Australian actress Nicole Kidman who is taking over from Rachel Weisz in film adaptation of The Railway Man

Australian actress Nicole Kidman who is taking over from Rachel Weisz in film adaptation of The Railway Man

OSCAR winning actress Nicole Kidman is to portray Berwick resident Patti Lomax in the film of The Railway Man based on the book by her husband, Eric.

Kidman will co-star in the film with Colin Firth who recently visited the couple at their home in Berwick.

The announcement that Kidman is joining the cast of the film was made this week after actress Rachel Weisz had to pull out because of scheduling issues with reshoots of other movies she is making.

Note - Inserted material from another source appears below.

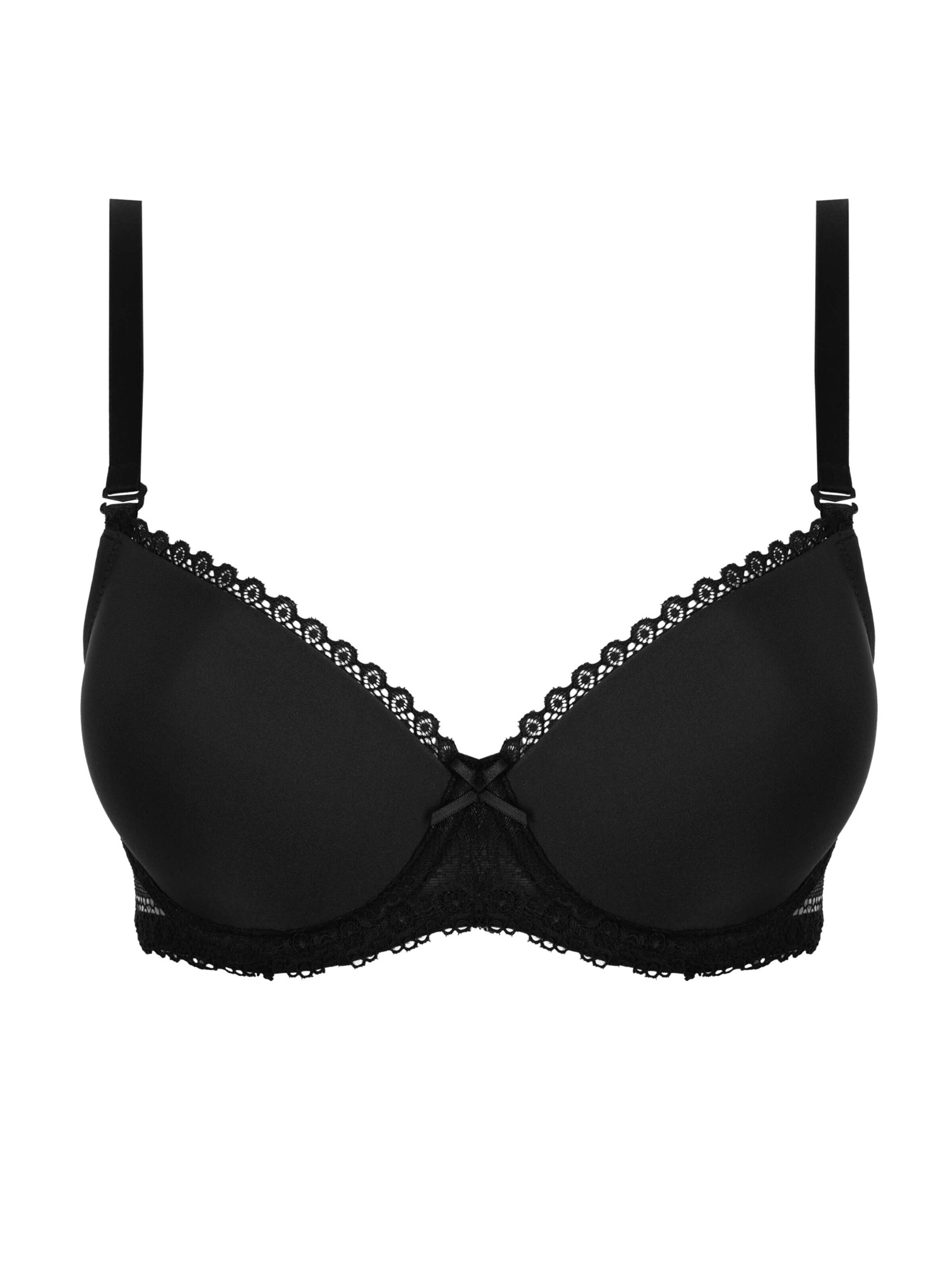 Henderson Push-up Bra 'Julietta' in Black: front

Jonathan Teplitzy is directing the film, which follows the harrowing real-life story of Eric Lomax, now aged 92. Taken prisoner by the Japanese forces during World War II, he was tortured and forced to work on the notorious “death railway” in what was then known as Burma.

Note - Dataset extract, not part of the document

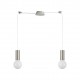 77-8388 SE21-NM-4-NM2 ADEPT TUBE Nickel Matt Pendant+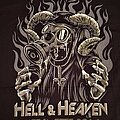 Kiss - TShirt or Longsleeve - Kiss HELL AND HEAVEN FEST 2014 (horns). short sleeve.                           ...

War Horse’s Jeremy Irvine is on board to play the younger Lomax, with those scenes filmed on Australia’s Gold Coast.

Before that happens, Teplitzy and his crew will kick off shooting in Britain this April to make the post war sections of the film, which finds Eric and Patti facing up to the psychological scars of his captivity and finding some reconciliation with one of the Japanese officers.

It has not yet been stated whether filming will take place in Berwick but although Eric was born and brought up in Edinburgh, he and Patti have lived in Berwick for years.

After his meeting with Patti and Eric, Colin Firth said: “He was being tortured all over again.

“After you go through what he and others did, you never forget. It’s with you for ever. He’s an incredible man.”

It was Patti who set in motion the extraordinary event which led to Eric finally coming to terms with his dreadful experiences.

She wrote to the former Japanese officer her husband held responsible for his torture and the pair eventually met and reconciled.

The Railway Man is to be released next year. It will tell how Eric was captured in Singapore in February 1942, while a second lieutenant with the Royal Signals. He, along with thousands of other allied POWs, was sent to the notorious Changi camp and from there to set to work on the infamous railway.

The inhuman treatment meted out by the Japanese caused the deaths of thousands of prisoners and civilian Asian labourers.

However after writing the book, Eric said: “Continuing to hate gets you nowhere. It just damages you as an individual.”